Mahdi Ali, the coach of the UAE age-group sides, is now in charge, and perhaps his familiarity with the rising young players at Baniyas will help them produce a surprise victory over Jazira that could lend a dollop of drama to the final weeks of the league season.
The season at Baniyas can be neatly divided into halves: their first 10 league games, up to December 19, when they won eight times and on 24 points were only four adrift of Jazira; and everything since, which includes only one victory in 11 domestic matches. Included in that dreadful run: elimination from the President's Cup in the last-16 round and only five points from five league games.
Given that dismal stretch, replacing al Benzarti, sometimes described as a prickly personality, makes more sense.
But it was also during that period that Baniyas played without several key performers, sidelined by injury. Most prominent: the Emirati nationals Amer Abdulrahman, perhaps the best playmaker holding a UAE passport; Theyab Awana, a box-to-box midfielder; and Mohammed Fawzi, an athletic defender.
Awana, 20, was injured while on national-team duty in a January 5 match against Australia. Abdulrahman, 21, apparently was hurt in the UAE's final Asian Cup match, on January 19. Fawzi, 21, also has been in and out of the line-up.
Baniyas also did without Fawzi Basheer, the Omani forward, for several games during their slide.
The club proved unable to absorb the loss of four of their five best players, and the fifth, the towering Senegalese striker Andre Senghor, who had 12 goals from 10 league matches, was starved of service. He remains the league's top scorer, but he has only two strikes in his past five league matches.
The good news for Baniyas, and for Ali, is that the four missing players are back; they all were in the squad for the game at Kalba last week. Their restoration did not yield instant results; a 2-1 loss to bottom of the table Kalba was the final act of al Benzarti's tenure. But the restoration of the first XI at least gives Baniyas some hope against Jazira.

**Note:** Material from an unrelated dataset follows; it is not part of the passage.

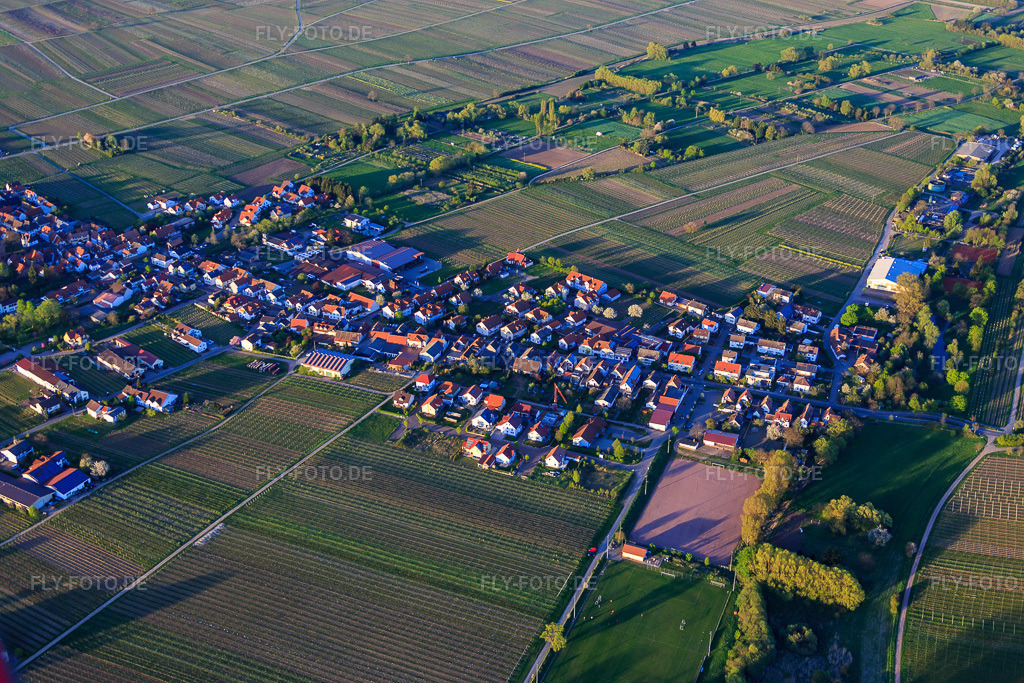 Luftbild: Marktstr in Kirrweiler im Bundesland Rheinland-Pfalz in Deutschland. Foto: IMG_077488.jpg vom 21.04.2015 durch Werner Riehm/FLY-FOTO.de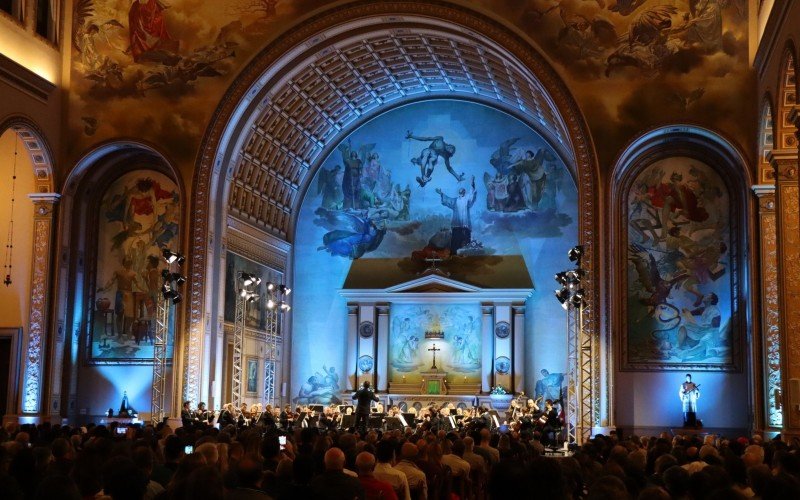 Beleza da catedral abrilhantou o espetáculo | Jornal NH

Baniyas were thrashed 4-0 at Jazira back in October, but they held the league leaders 1-1 at home last season, and they may well play before a full house tomorrow in their sparkling new home, the 25,000-capacity Baniyas Stadium.
A Baniyas victory not only would cut the gap atop the table from 10 points to seven, it also would be the first league defeat for Jazira this term.
Jazira have never won the league, an aberration they are likely to resolve in the next month. But Baniyas, too, have never won a league championship, and a victory over the top side could give them hope to aim for a top finish as soon as next season.
Also in the mix for Baniyas: their first Asian Champions League berth. A finish in the top four would assure them entrance in the 2012 competition.
Jazira have been the most thoroughly ambitious side in the league for several years. But Baniyas could reprise their rise. Like Jazira, they have a new stadium and a management team eager to make history, soon.
What they have that Jazira do not are three of the best young players in the UAE and the best out-and-out striker in the league. Jazira are the better side this season, but whether that will be the state of affairs in the near future is not at all clear.